WHAT THE TASK REQUIRES ->
Among the entries below, how many lines have the word "Ladies"? Answer only with the number.

SOURCE DATA ->
******************************
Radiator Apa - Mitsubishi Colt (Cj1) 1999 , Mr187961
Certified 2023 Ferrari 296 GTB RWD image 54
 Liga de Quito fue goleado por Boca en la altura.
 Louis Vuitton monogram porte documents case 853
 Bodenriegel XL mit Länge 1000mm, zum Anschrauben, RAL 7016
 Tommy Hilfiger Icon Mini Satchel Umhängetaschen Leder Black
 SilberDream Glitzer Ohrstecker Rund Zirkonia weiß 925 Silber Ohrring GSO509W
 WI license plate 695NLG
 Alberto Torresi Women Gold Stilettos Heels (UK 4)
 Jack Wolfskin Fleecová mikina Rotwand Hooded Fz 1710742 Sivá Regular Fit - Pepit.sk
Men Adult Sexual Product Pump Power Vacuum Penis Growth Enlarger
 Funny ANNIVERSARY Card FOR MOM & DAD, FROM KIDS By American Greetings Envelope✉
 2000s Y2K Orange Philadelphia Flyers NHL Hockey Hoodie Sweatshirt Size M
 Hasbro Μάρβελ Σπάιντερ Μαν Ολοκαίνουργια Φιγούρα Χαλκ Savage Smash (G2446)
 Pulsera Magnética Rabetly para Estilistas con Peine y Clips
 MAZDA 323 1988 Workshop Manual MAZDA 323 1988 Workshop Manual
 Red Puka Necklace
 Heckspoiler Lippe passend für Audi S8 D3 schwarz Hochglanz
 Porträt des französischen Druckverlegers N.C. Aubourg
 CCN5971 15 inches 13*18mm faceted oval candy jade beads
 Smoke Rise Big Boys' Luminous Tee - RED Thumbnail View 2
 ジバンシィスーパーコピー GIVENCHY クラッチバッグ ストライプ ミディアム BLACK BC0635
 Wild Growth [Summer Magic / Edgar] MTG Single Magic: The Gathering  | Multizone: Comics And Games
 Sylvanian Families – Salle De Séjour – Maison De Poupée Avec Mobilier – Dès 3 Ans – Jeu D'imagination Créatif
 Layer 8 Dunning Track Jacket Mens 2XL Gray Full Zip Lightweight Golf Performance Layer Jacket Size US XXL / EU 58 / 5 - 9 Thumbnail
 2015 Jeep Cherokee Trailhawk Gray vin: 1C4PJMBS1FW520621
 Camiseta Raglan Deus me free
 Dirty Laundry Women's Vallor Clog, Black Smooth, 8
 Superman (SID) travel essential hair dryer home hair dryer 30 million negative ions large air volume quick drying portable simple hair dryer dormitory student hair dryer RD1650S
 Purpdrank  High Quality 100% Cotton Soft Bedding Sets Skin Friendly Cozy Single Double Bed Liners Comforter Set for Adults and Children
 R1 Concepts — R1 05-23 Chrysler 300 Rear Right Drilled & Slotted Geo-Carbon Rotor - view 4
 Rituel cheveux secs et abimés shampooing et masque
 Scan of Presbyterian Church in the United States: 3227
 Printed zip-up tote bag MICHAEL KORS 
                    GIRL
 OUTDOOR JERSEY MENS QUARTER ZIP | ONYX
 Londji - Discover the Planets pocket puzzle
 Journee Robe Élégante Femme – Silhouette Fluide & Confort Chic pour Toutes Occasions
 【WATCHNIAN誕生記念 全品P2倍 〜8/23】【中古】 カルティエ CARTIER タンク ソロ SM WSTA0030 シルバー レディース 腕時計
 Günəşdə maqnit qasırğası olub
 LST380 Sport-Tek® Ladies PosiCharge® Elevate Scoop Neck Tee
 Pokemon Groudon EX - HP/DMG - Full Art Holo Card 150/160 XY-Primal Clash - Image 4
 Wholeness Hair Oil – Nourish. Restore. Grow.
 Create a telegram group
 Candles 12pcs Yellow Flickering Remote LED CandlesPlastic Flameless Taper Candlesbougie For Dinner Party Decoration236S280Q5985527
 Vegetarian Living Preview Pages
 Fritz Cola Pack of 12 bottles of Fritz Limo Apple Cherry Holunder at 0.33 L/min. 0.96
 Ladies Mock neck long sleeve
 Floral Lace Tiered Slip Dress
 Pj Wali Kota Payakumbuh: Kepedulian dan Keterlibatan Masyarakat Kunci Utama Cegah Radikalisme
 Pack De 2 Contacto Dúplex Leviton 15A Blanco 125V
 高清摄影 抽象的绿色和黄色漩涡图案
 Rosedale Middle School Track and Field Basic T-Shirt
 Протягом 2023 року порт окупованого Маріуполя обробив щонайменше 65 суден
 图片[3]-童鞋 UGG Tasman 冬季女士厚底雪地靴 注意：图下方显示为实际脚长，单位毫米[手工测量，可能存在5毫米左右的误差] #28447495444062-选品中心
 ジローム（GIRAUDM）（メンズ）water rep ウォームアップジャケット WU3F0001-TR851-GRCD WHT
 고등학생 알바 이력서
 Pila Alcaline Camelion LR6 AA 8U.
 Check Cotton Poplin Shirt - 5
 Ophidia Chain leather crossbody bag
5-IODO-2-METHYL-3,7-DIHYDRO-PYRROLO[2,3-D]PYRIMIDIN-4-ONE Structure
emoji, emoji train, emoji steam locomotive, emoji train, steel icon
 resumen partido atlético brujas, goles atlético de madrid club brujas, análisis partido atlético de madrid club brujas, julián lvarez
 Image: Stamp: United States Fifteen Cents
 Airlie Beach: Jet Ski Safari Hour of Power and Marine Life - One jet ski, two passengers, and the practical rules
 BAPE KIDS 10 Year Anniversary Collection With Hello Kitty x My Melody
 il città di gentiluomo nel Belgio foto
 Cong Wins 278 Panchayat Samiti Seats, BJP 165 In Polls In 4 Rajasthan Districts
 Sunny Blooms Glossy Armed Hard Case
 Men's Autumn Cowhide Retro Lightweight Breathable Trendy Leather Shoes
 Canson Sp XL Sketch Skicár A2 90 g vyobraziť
******************************
RESULT OF THE EXERCISE ->
2